How to enjoy the right to be read

Persuasion is difficult. Gaining influence takes time … and patience.

How do you capture attention when your audience is overwhelmed with social feeds, emails and noise? When B2B seems to mean busy-to-busy?

In short,  how do you earn the right to be read?

Three things are critical.

1.  Know your subject

That sounds obvious, but it’s not always as simple as it sounds.

Can you talk to your subject beyond your own pitch-deck? Can you dig deeper than “features and benefits”? Do you understand the topic as it exists outside the corporate firewall?

If you are targeting a new market, new sector or new audience, if you are promoting a new application of your product or service, do you understand how your subject sits in that world?

Make sure you do the research. Speak to experts, both in-house and (especially) external. It takes time, but it’s easier to simplify a complex subject than to build an elaborate argument on a paper-thin platform.

2.  Know your audience

If you target everyone, you touch no-one. You end up with marketing muzak; broadly inoffensive background noise. That might meet goals for content produced, but it won’t stir hearts. It won’t change minds. It doesn’t earn you the right to be read.

You may be lucky enough to have an individual in your sights. Maybe, she’s a key influencer within the body of policy elites. Perhaps its your own CEO. That makes things easier. But if your target is a larger audience, then a marketing persona can be a powerful tool. The Alexa blog has some great examples of buyer personas, here.

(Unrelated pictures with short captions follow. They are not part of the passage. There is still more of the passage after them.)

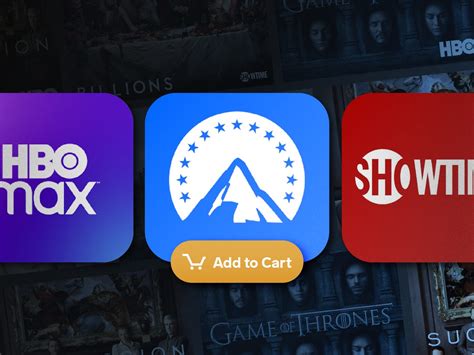 Amazon Prime Video Channels — What It Is How Much It Costs Ph
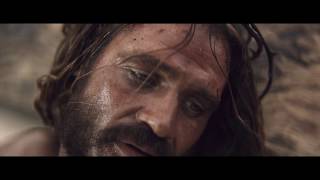 BLASFEMIA SIN LIMITES. CORTOMETRAJE USA LA IMAGEN DE CRISTO PARA DONACION DE ORGANOS.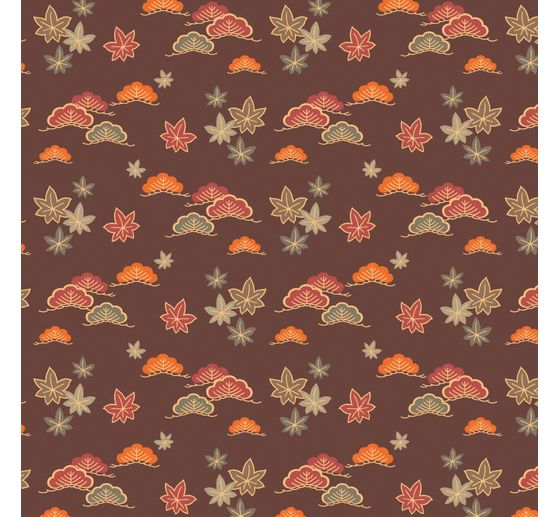 Boek "333 Origami - Japan Autumn"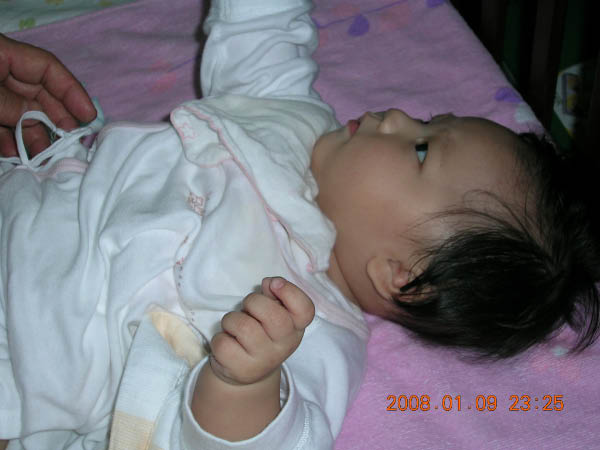DSCN8271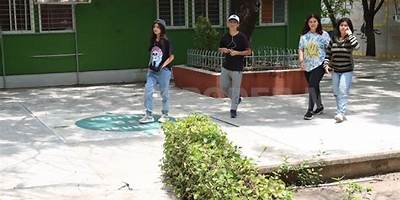 BACHILLERATO DE INNOVACIÓN, CIENCIAS, ARTES Y HUMANIDADES DE CHIAPAS ICAHCH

Facebook Audience Insights can also be useful to add colour to your personas (even if you don’t intend to use Facebook ads).

You need also to understand your audience’s level of familiarity with your subject. Pitch a high-level overview at experts and, at best, they’ll ignore you. At worst, they’ll dismiss you as shallow. But, go too deep with an audience of novices and you can lose  even the most engaged follower.

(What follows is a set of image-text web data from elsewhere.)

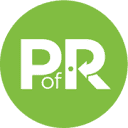 Point of Rental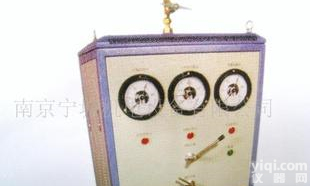  气体控制柜<em>减压器</em> 上海<em>减压器</em>厂有限公司<em>南京</em>地区总代理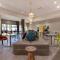 Home2 Suites by Hilton Gulf Breeze Pensacola Area, FL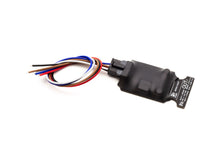 Load image into Gallery viewer, P3 Ethanol Sensor Voltage Adaptor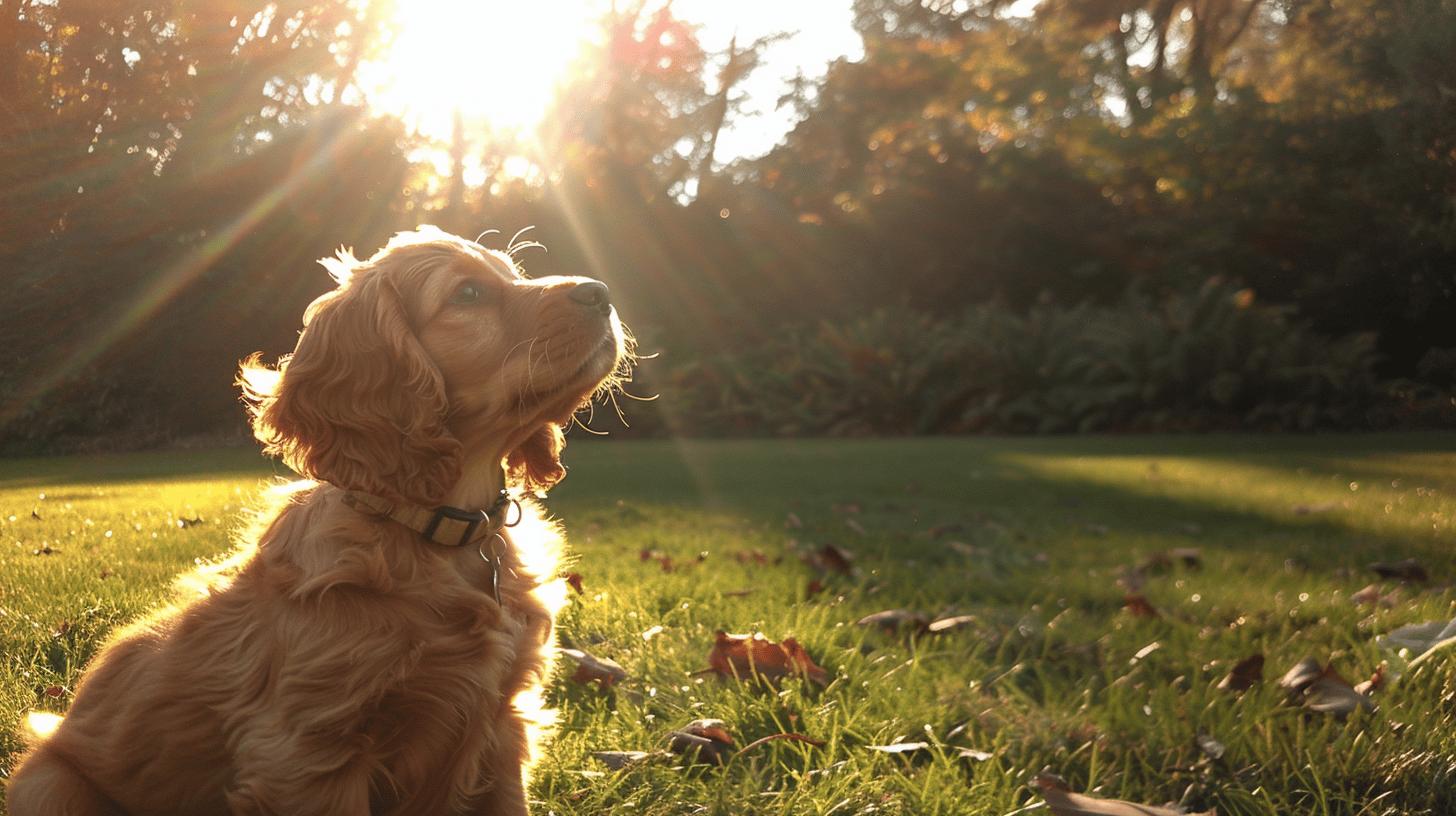 Kjøp og Adopsjon av Engelsk Cocker Spaniel-1.jpg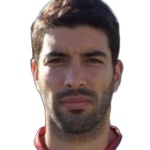 Carlos Saleiro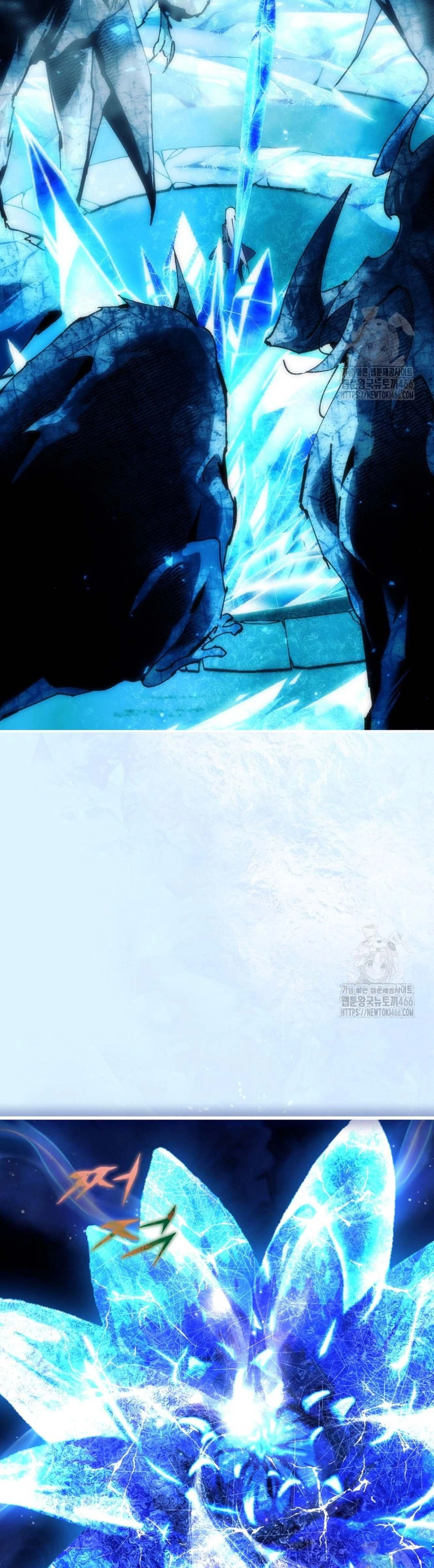 หน้าที่ 42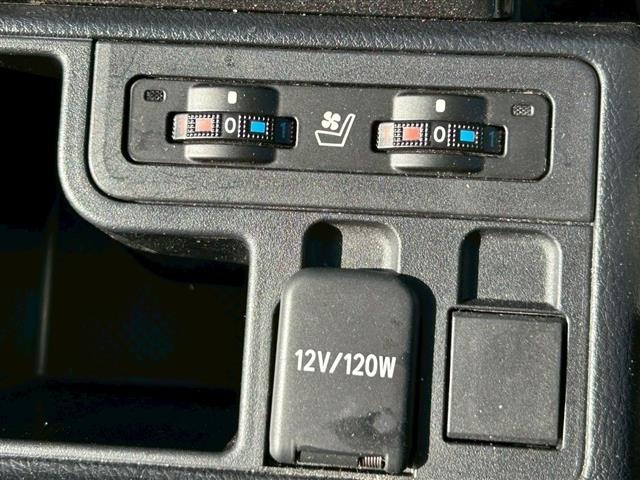 Toyota LAND CRUISER PRADO 2021 7167181-20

An audience’s level of expertise, as well as their stage in the buying process, affects how you deliver your message: the spokespeople you deploy and the type of content you produce.

3.  Always add value

Ultimately, you need to be worth the effort. You seldom get a second chance, but if you get it right you begin to build trust and gain some influence.

There are two aspects:

Be objective

Here’s a test. If you deleted every mention of your product and brand, would your content still be useful? If the answer’s “no”, you need to think again.

The most powerful, most influential, content isn’t (directly) selling your brand, it’s providing value. Ultimately, it’s helping you towards a position of thought leadership or trusted advisor status, but in itself, each piece is (should be) useful to the reader.

Be credible

Show, don’t tell. Use research from respected sources to underpin your story: academic research, research from respected consultancies and analyst firms, reports from credible media or from government and (reputable) NGOs.

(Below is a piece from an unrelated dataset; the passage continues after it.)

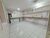 Casa, 5 quartos, 1200 m² - Foto 2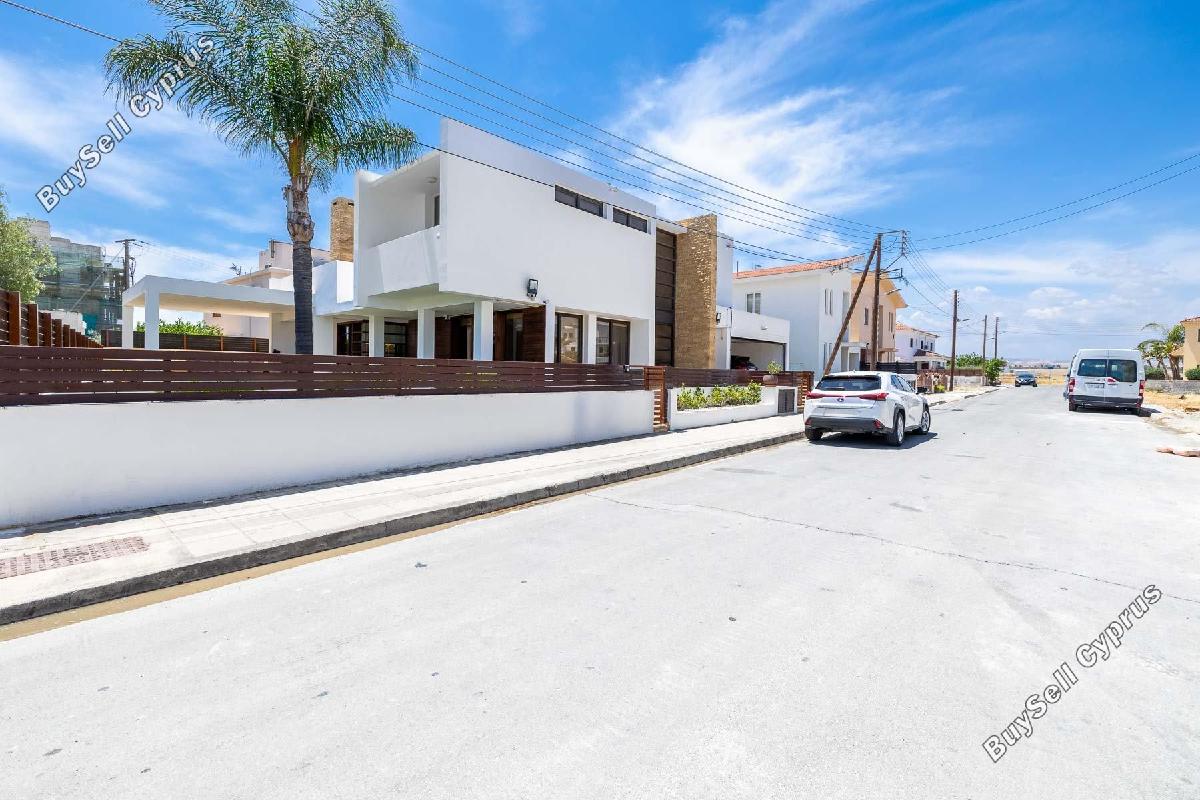 4 bedroom detached house for sale larnaca municipality larnaca 1818996 image 16996313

Give real-life customer examples or mini case studies. Use authentic customer quotes. Quotes are powerful, but they need to be genuine. Better to forego a selling point than suffer a “quote” created by your comms team. Never (never ever) use quotes created by committee.

Use relevant, meaningful hard data. The pity/fear/catharsis of story-telling will win hearts, but you need solid data points to win heads; £x saved, x% reduced, x% growth.

Signs of success?

How do you know it’s worked?

When small business owners print and keep those lavishly produced, colour-saturated ebooks.

When your material is downloaded and shared long after the campaign has ended.

When you read or hear your words repeated by your target audience in the corridors of power.